- Your goal
From the listing below, copy only the lines running from the line that contains "COVID Satu Mare." to the line that contains "Cyclin-Dependent-Like Kinase 5", both included.

- Information
○ ○ ○ ○

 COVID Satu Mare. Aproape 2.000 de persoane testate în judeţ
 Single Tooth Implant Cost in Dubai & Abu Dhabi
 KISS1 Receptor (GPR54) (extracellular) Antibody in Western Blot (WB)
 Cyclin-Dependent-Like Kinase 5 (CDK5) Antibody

○ ○ ○ ○

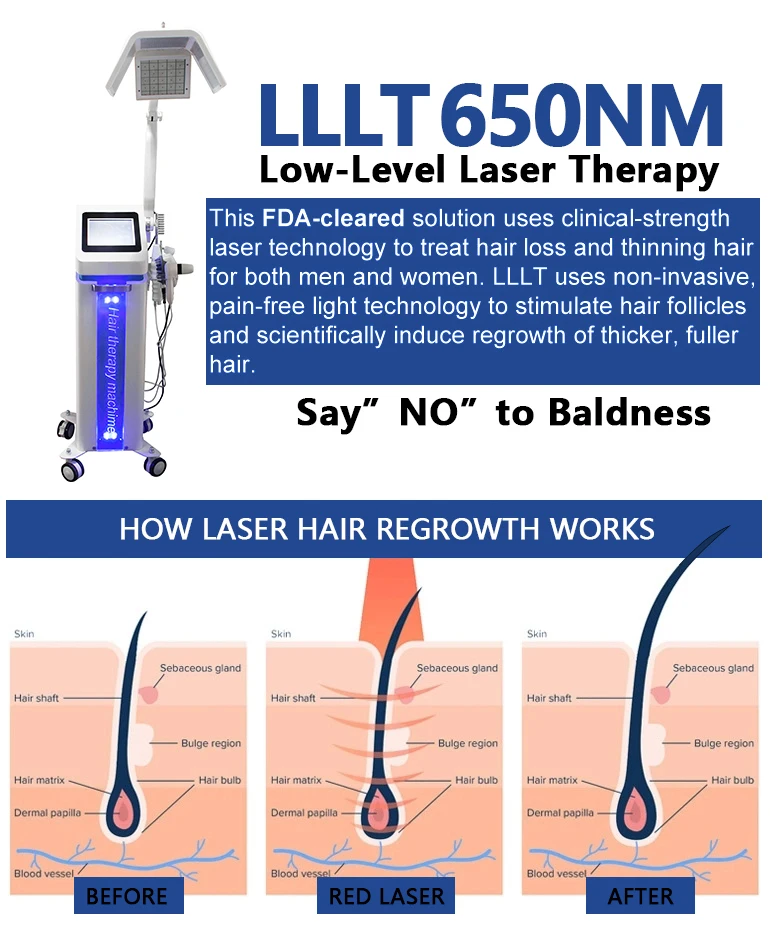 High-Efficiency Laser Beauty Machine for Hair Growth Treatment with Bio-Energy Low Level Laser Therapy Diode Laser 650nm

○ ○ ○ ○

- Problem solution
 COVID Satu Mare. Aproape 2.000 de persoane testate în judeţ
 Single Tooth Implant Cost in Dubai & Abu Dhabi
 KISS1 Receptor (GPR54) (extracellular) Antibody in Western Blot (WB)
 Cyclin-Dependent-Like Kinase 5 (CDK5) Antibody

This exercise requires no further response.